### [Assignment]
What you need to produce from the material below is an exact transcription of the lines from the one with "for One-Way ANOVA" through the one with "ニセコ町(北海道)の土地価格推移グラフ(坪単価)[2008-2024年]", both included, and no other line.

### [The records]
= = = =
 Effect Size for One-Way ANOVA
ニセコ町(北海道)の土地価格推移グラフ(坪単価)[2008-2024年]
= = = =
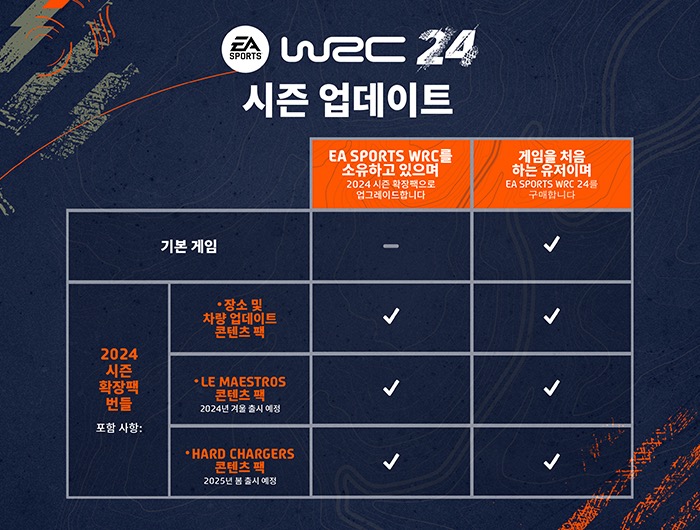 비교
= = = =
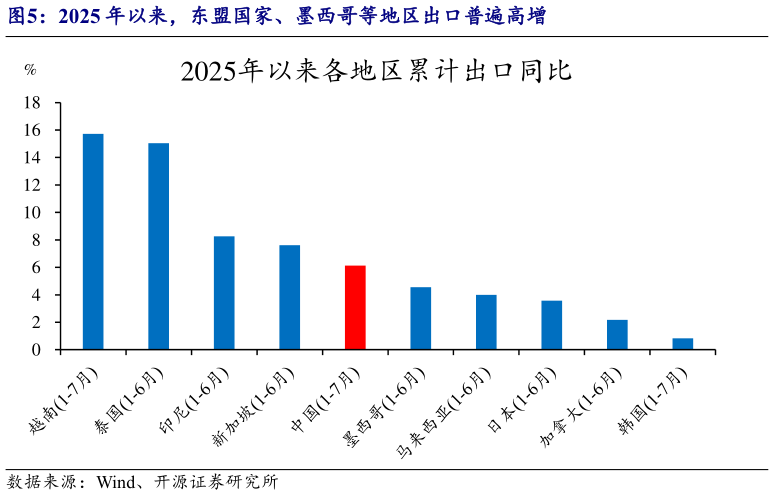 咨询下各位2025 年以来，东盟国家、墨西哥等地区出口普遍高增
= = = =
### [Response to this exercise]
 Effect Size for One-Way ANOVA
ニセコ町(北海道)の土地価格推移グラフ(坪単価)[2008-2024年]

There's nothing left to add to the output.